++++ Supplied data

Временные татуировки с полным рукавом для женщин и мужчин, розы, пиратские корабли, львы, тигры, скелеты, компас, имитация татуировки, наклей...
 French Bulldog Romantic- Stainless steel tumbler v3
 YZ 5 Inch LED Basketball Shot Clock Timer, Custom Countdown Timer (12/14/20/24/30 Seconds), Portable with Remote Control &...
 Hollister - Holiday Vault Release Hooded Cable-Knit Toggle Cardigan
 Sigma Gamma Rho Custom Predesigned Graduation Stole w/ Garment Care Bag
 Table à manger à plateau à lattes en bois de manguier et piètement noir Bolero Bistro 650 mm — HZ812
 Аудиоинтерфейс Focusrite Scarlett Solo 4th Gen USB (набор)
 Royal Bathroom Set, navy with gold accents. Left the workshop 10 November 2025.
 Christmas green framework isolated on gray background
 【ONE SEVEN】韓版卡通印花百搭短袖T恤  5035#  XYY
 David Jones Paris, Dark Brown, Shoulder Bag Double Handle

++++++++

Return exactly the opening lines of the listing above, ending with the line that has "YZ 5 Inch LED".

Answer below:
Временные татуировки с полным рукавом для женщин и мужчин, розы, пиратские корабли, львы, тигры, скелеты, компас, имитация татуировки, наклей...
 French Bulldog Romantic- Stainless steel tumbler v3
 YZ 5 Inch LED Basketball Shot Clock Timer, Custom Countdown Timer (12/14/20/24/30 Seconds), Portable with Remote Control &...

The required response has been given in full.